Turkey says it would shift its Middle East trade routes to go through Iraq, cutting out Syria as a transit country if unrest there worsens and embargoes against Damascus go into effect.
Transport Minister Binali Yildirim said Tuesday his country would open new border crossings with Iraq if necessary in order to facilitate the shift in regional land shipments.
Syria has been the main transit route for Middle East trade, which Damascus hopes would dampen the effects of tough new sanctions from the Arab League and European Union.
Ankara has backed the league’s measures and is soon expected to announce its own sanctions on Syria, with whom it shares an 800 kilometer border.
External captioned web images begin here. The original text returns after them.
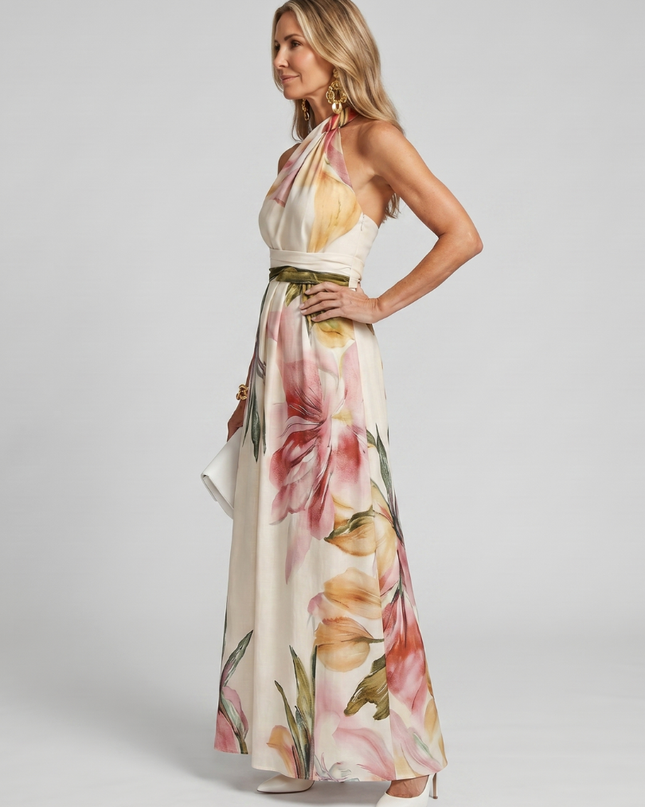 Genevieve | Floral Halter Maxi Dress with Flowing Skirt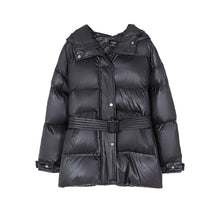 Load image into Gallery viewer, Toppies 2021 Winter Hooded Puffer Jacket Coat Women Parkas Belt Long Jacket Oversized Outwear Women Clothing

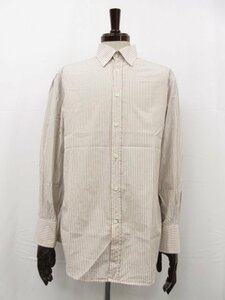 【ブルネロクチネリ BRUNELLO CUCINELLI】 B.D. ストライプ 長袖シャツ 伊製 Slim Fit (メンズ) sizeL ライトブラウン系■5MK2814■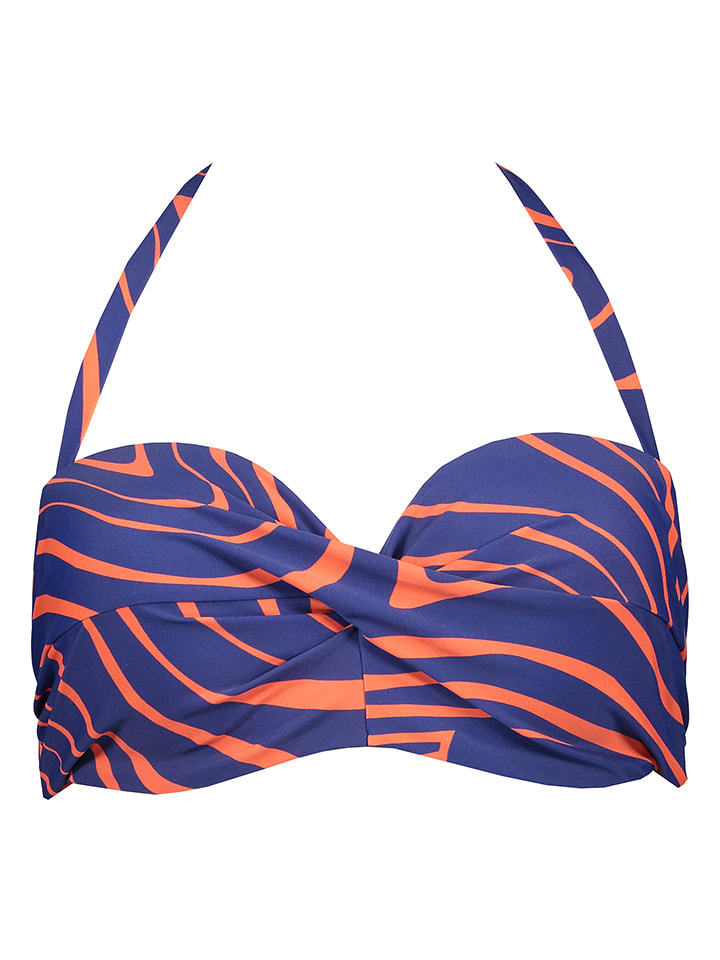 Buffalo Bikini-Oberteil in Dunkelblau/ Orange - 60% | Größe 42E-Cup | Damen-bademode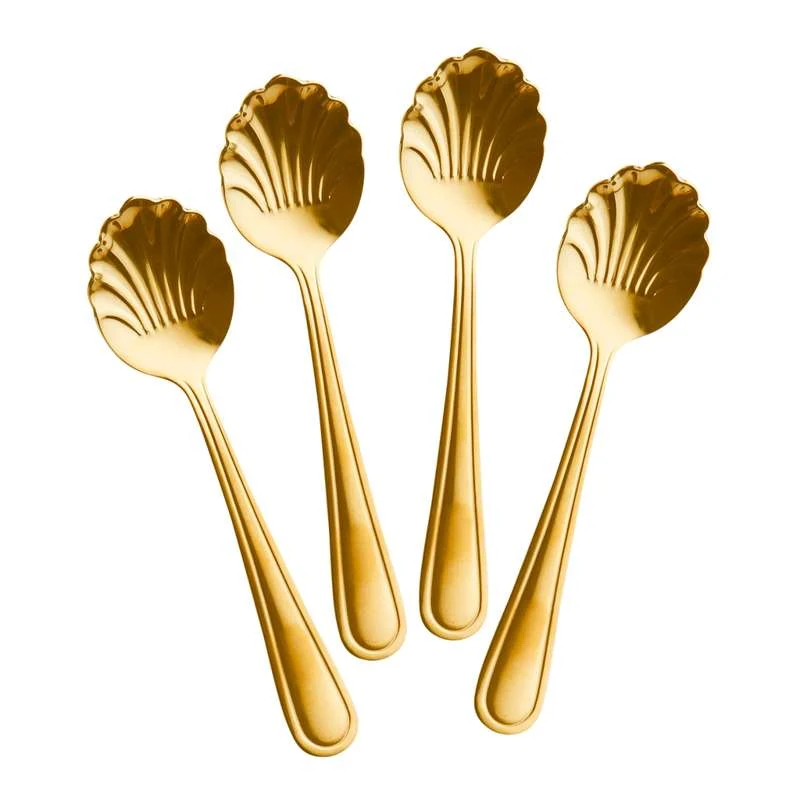 RICE Teskjeer - 4-pk - Rustfritt Stål - Gullfarget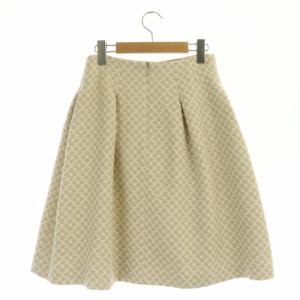 M'S GRACY フラワージャガード 膝丈タックスカート フレア ウール混 36 ベージュ オフホワイト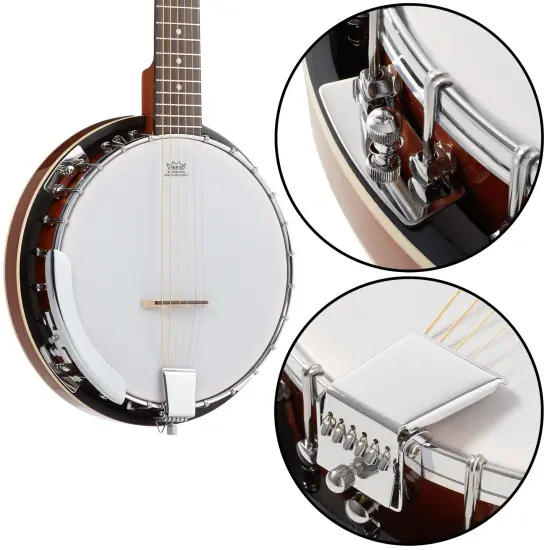 Ashthorpe 6-String Banjo - Full Size with 24 Brackets, Closed Back, Mahogany Resonator {6}
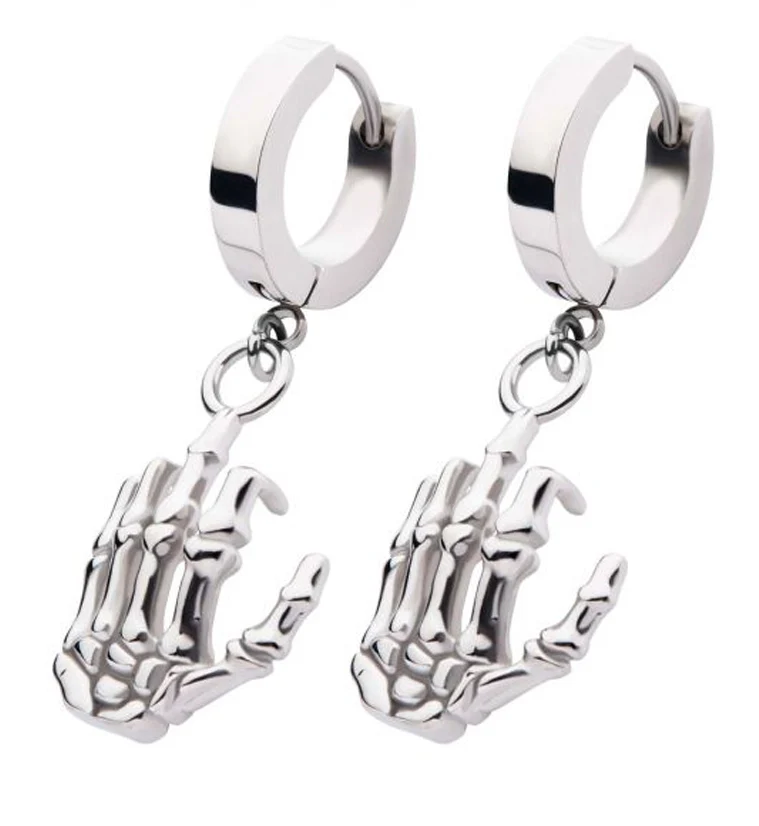 Skeleton Hand Stainless Steel Huggie Earrings - Mrs Treak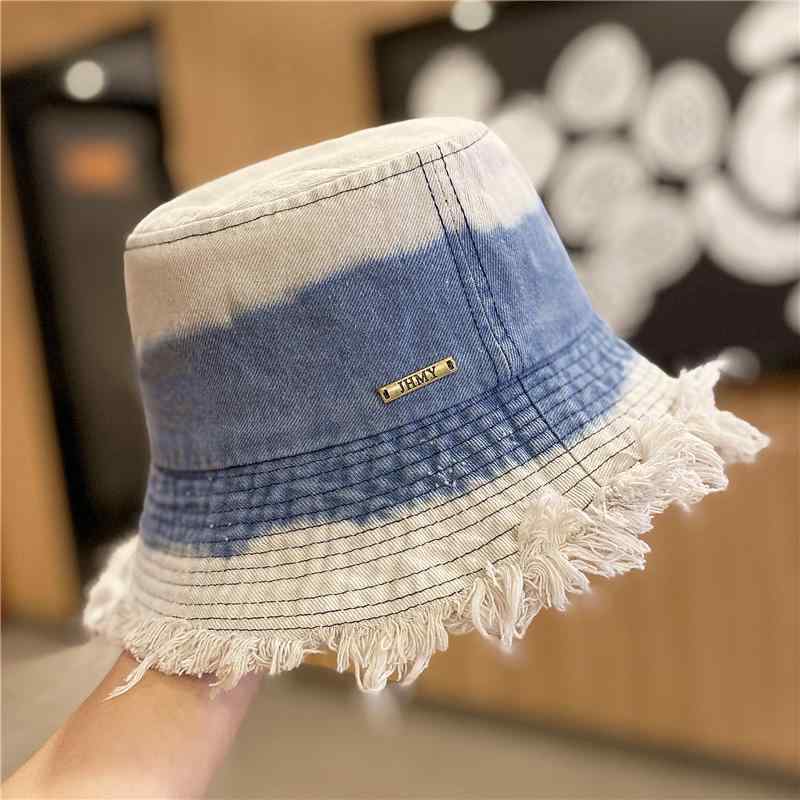 レディース 秋 春 帽子 韓国 タッセル 対照的 色 釣り帽子 ウォッシュデニム バケット ハット 旅行 バ..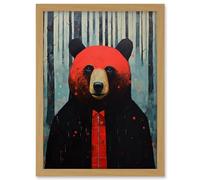 Artery8 Hipster Red Bear Artwork Oil Painting Black Blue Artwork Forest Trees Artwork Framed A3 Wall Art Print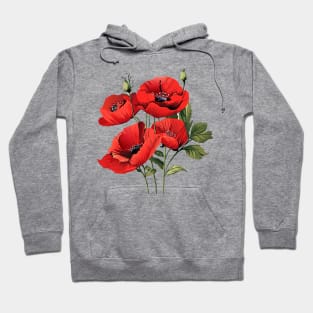 Red poppies flowers, beautiful poppy watercolor Holiday Decoration Birthday gifts and presents, american, traditional, anniversary, memory Hoodie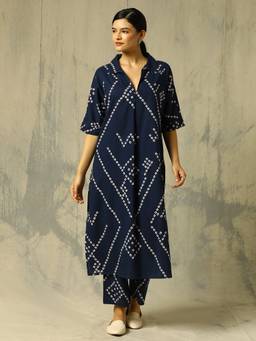 Black & Blah Blah - Navy Blue Bandhani Printed A-Line Pure Cotton Co-ord Set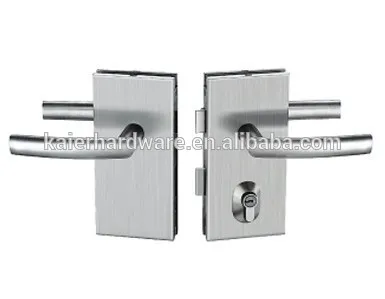 Stainless steel double tempered frameless glass door lock K-DL13
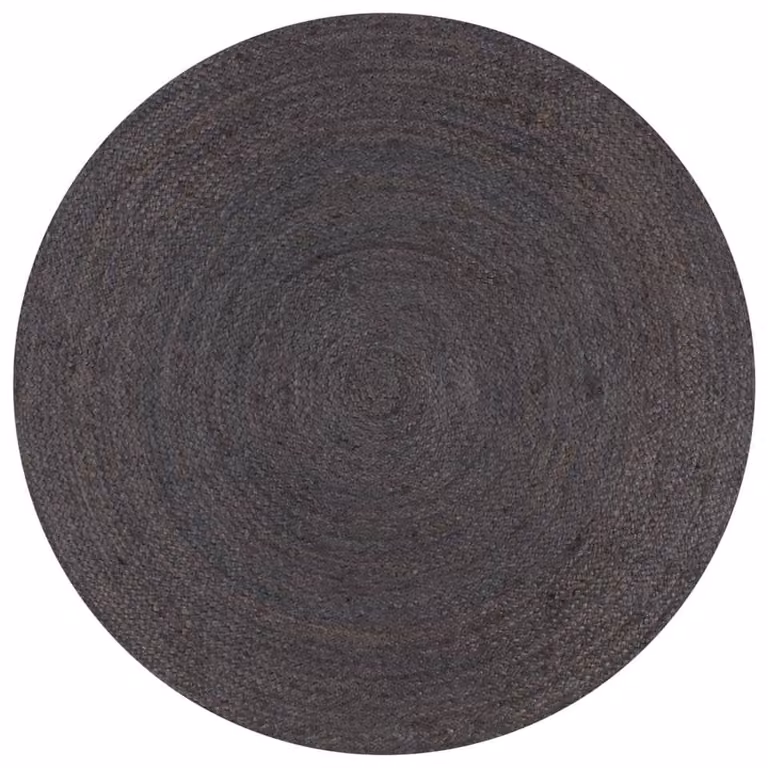 Berkfield Home Handmade Braided Jute Round Rug in Grey, Diameter: 100 cm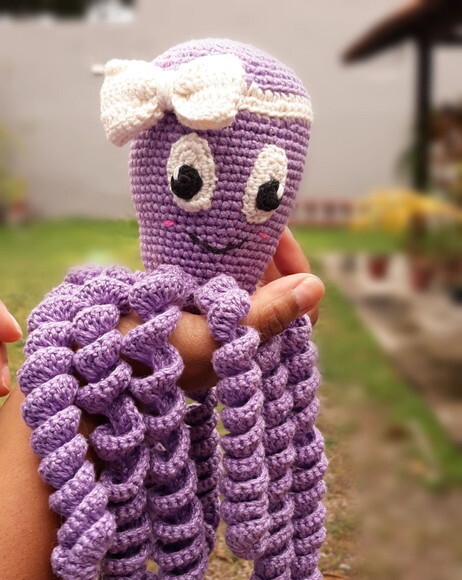 Polvo de Crochê Amigurumi - Terapêutico para Recém Nascido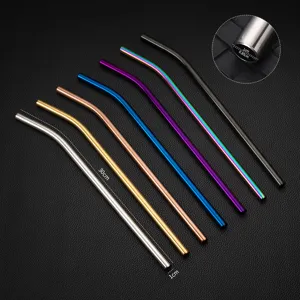 Wiederverwendbare 30cm Edelstahl Trinkhalme gebogene Metallstrohhalme Set bunt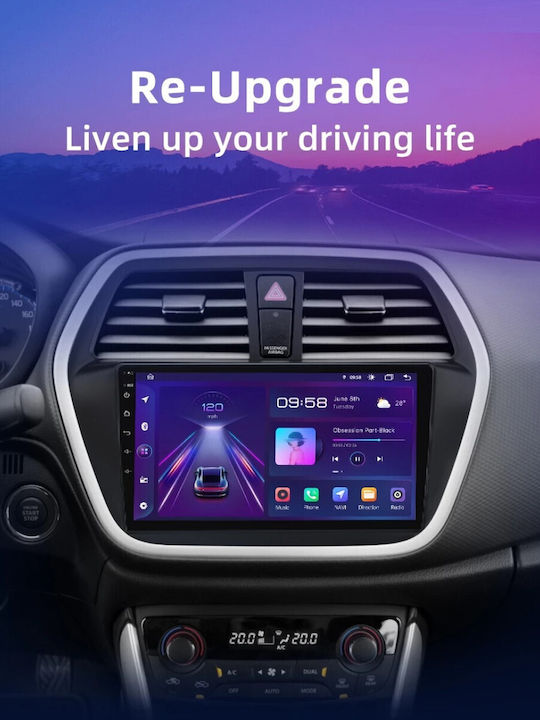 Car Audio System for Suzuki SX4 S-Cross 2014-2021 (Bluetooth/USB/WiFi/GPS/Apple-Carplay/Android-Auto) with Touch Screen 9"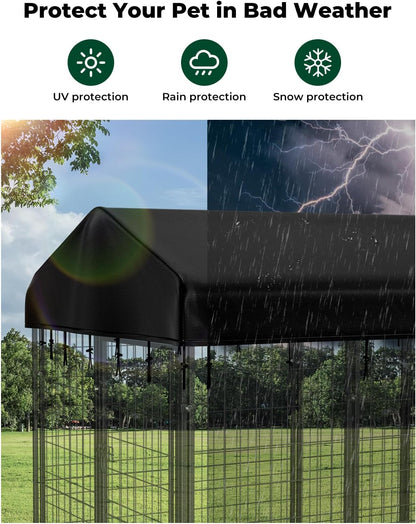 PawGiant Outdoor Dog Kennel Cover Replacement, 420D Waterproof UV-Resistant Cover for 8x4 ft Large Dog Enclosure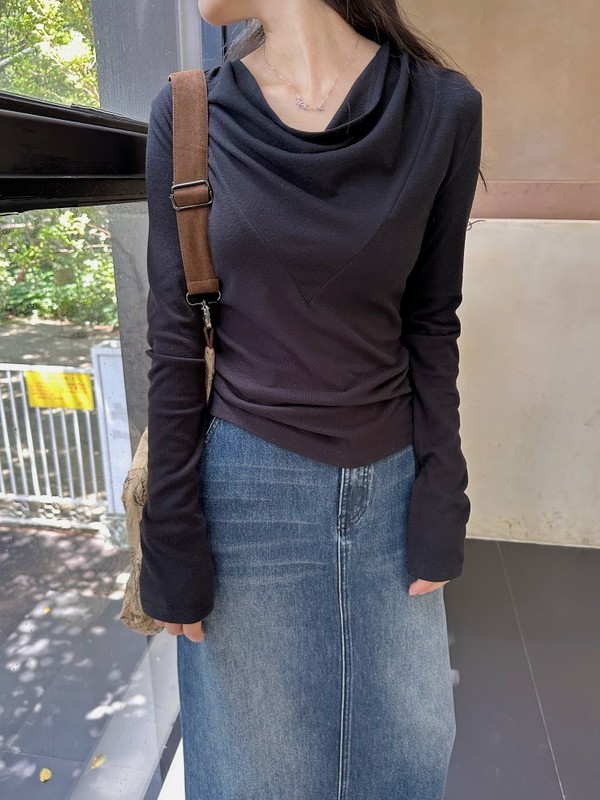 DIGM | 2025秋季极简解构风荡领长袖修身T恤打底衫针织衫女A09266|undefined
Yildirim said the planned measures would be selectively imposed in order not to harm the Syrian people.
Onetime allies Turkey and Syria abolished visa requirements in 2009 and had planned to raise their trade volume from the current $2.5 billion to $5 billion in 2012.
Also Tuesday, Turkish Foreign Minister Ahmet Davutoglu said Ankara may set up a buffer zone along its border with Syria in coordination with the international community if hundreds of thousands of people attempt to flee the violence there for Turkey.
Davutoglu told a Turkish television channel that “if the oppression continues” in Syria, Ankara is ready “for every scenario.”
He said the Syrian government must make peace with its own people and that a regime that tortures its citizens has no chance to survive.
Turkey has so far accommodated about 7,500 Syrian refugees in tents along the Syrian border.